Kepergian Rasus ternyata membekaskan luka yang mendalam di hati Srintil dan kelak besar sekali pengaruhnya terhadap perjalanan hidupnya yang berliku. Rasus yang terluka hatinya memilih meninggalkan Dukuh Paruk dan akhirnya menjadi seorang prajurit atau tentara tanpa pangkat yang gagah.
Dengan ketentaraannya itulah kemudian Rasus memperoleh penghormatan dan penghargaan seluruh orang Dukuh Paruk, lebih-lebih setelah berhasil menembak dua orang perampok yang berniat menjarah rumah Kartareja yang menyimpan harta kekayaan ronggeng Srintil.
Beberapa hari singgah di Dukuh Paruk Rasus sempat menikmati kemanjaan Srintil sepenuhnya. Tapi itu semua tidak menggoyahkan tekadnya yang bulat untuk menjauhi Srintil dan dukuhnya yang miskin. Pada saat fajar merekah, Rasus melangkah gagah tanpa berpamitan pada Srintil yang masih pulas tidurnya.
Kepergian Rasus tanpa pamit sangat mengejutkan dan menyadarkan Srintil bahwa ternyata tidak semua lelaki dapat ditundukkan oleh seorang ronggeng. Setelah kejadian itu Srintil setiap hari tampak murung dan sikap Srintil yang kemudian menimbulkan keheranan orang-orang disekitarnya.
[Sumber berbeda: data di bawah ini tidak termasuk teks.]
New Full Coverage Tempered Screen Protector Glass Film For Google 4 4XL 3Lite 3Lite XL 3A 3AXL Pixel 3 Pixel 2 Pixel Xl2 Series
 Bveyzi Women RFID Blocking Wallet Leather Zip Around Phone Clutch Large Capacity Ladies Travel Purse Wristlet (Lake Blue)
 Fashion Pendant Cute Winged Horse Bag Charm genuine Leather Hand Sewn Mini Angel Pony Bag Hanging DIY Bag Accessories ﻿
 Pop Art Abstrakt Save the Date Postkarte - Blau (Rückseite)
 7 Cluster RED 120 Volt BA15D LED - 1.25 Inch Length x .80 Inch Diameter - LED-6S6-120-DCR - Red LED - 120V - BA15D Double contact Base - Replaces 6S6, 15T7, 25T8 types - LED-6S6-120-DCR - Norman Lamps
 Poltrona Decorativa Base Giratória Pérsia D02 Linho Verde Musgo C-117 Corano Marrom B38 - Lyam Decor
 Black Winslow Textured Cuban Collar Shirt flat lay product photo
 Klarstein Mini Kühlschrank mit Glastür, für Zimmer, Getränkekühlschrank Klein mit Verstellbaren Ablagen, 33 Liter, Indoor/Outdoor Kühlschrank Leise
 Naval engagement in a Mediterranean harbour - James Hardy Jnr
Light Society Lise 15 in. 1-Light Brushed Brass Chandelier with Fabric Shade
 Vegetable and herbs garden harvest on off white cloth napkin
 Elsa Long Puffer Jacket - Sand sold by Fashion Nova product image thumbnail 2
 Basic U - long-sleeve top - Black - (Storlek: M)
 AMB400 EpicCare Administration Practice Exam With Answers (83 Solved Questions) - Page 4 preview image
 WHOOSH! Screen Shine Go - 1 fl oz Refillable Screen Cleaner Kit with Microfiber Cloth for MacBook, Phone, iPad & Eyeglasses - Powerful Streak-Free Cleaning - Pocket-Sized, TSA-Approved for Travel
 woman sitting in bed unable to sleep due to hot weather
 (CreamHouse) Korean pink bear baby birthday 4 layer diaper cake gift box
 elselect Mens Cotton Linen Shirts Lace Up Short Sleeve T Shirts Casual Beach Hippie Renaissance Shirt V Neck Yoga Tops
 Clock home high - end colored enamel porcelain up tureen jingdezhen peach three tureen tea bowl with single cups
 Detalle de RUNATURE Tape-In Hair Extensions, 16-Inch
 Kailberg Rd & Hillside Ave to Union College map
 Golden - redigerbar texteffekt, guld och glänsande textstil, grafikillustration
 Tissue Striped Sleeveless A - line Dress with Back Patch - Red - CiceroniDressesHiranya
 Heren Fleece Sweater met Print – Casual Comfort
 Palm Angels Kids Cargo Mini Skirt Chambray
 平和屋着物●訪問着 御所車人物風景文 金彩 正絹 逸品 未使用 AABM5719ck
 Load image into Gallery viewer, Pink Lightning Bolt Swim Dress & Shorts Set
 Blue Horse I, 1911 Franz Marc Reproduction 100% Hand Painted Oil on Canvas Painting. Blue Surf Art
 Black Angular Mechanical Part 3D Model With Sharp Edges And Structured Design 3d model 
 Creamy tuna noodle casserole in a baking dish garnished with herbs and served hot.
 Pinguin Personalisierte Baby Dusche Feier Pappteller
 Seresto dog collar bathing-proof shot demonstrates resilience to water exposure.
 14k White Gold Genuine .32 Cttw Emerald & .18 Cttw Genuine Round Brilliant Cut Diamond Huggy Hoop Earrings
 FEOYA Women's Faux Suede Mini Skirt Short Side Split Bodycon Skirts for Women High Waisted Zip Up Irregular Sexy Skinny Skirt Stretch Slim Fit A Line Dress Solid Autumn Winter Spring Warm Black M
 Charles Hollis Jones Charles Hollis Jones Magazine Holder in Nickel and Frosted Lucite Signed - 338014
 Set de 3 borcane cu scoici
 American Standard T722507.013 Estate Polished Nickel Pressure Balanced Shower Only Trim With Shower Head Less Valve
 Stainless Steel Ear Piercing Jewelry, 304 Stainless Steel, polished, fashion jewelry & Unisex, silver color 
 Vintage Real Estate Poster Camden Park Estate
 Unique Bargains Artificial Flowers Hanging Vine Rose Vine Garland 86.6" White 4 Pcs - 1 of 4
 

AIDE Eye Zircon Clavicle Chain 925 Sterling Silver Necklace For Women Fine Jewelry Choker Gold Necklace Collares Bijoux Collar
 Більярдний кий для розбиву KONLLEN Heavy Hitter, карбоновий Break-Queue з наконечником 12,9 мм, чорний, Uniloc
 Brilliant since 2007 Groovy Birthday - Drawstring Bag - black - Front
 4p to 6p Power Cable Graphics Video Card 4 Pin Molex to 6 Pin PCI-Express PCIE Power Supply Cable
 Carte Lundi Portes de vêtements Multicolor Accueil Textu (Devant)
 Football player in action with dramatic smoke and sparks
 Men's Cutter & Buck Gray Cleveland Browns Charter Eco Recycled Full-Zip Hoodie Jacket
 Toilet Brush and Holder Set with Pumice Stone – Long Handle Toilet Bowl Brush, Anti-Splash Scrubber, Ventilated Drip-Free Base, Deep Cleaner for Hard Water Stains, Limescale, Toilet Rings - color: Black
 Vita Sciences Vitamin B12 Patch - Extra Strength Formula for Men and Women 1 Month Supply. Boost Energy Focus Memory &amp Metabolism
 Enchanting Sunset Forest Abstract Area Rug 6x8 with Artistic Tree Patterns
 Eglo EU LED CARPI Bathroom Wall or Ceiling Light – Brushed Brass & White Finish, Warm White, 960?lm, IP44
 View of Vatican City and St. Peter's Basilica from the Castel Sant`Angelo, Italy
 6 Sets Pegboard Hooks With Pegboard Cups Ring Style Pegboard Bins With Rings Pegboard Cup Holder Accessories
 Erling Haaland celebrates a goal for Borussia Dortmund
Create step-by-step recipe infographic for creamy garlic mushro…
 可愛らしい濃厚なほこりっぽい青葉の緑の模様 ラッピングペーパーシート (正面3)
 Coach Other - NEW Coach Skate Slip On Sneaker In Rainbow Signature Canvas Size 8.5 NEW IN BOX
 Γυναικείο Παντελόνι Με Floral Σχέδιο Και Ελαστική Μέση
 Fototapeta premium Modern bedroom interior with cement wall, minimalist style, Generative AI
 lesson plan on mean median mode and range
Kebanyakan mereka tidak senang menyaksikan kemurungan Srintil, sebab mereka tetap percaya ronggeng Srintil telah menjadi simbol kehidupan Dukuh Paruk. Dalam kurun waktu tertentu, Srintil tetap bertahan tidak ingin menari sebagai ronggeng.
Perlawanan atau pemogokan Srintil masih bertahan ketika datang tawaran menari dari Kantor Kecamatan Dawuan yang akan menggelar pentas kesenian menyambut perayaan Agustusan. Kalau pun pada akhirnya runtuh dan pasrah, bukan semata-mata tergugah untuk kembali tampil menari sebagai seorang ronggeng, melainkan mendengar ancaman Pak Ranu dari Kantor Kecamatan. Srintil menyadari kedudukannya sebagai orang kecil yang tak berhak melawan kekuasaan. Sama sekali ia tidak membayangkan akibat lebih jauh dari penampilannya di panggung perayaan Agustusan yang pada tahun 1964 sengaja dibuat berlebihan oleh orang-orang Partai Komunis Indonesia (PKI). Warna merah dipasang di mana-mana dan muncullah pidato-pidato yang menyebut-nyebut rakyat tertindas, kapitalis, imperalis, dan sejenisnya.
Pemberontakan PKI kandas dalam sekejap dan akibatnya orang-orang PKI atau mereka yang dikira PKI dan siapa pun yang berdekatan dengan PKI di daerah mana pun ditangkapi dan di tahan. Nasib itu terjadi juga pada Srintil yang harus mendekam di tahanan tanpa alasan yang jelas. Pada mulanya, terjadi paceklik di mana-mana sehingga menimbulkan kesulitan ekonomi secara menyeluruh.
Pada waktu itu, orang-orang Dukuh Paruk tidak berpikir panjang dan tidak memahami berbagai gejala zaman yang berkembang di luar wilayahnya. Dalam masa paceklik yang berkepanjangan, Srintil terpaksa lebih banyak berdiam di rumah, karena amat jarang orang mengundangnya berpentas untuk suatu hajatan. Akan tetapi, tidak lama kemudian ronggeng Srintil sering berpentas di rapat-rapat umum yang selalu dihadiri atau dipimpin tokoh Bakar. Walaupun Srintil tidak memahami makna rapat-rapat umum, pidato yang sering diselenggarakan orang. Yang dia pahami hanyalah menari sebagai ronggeng atau melayani nafsu kelelakian.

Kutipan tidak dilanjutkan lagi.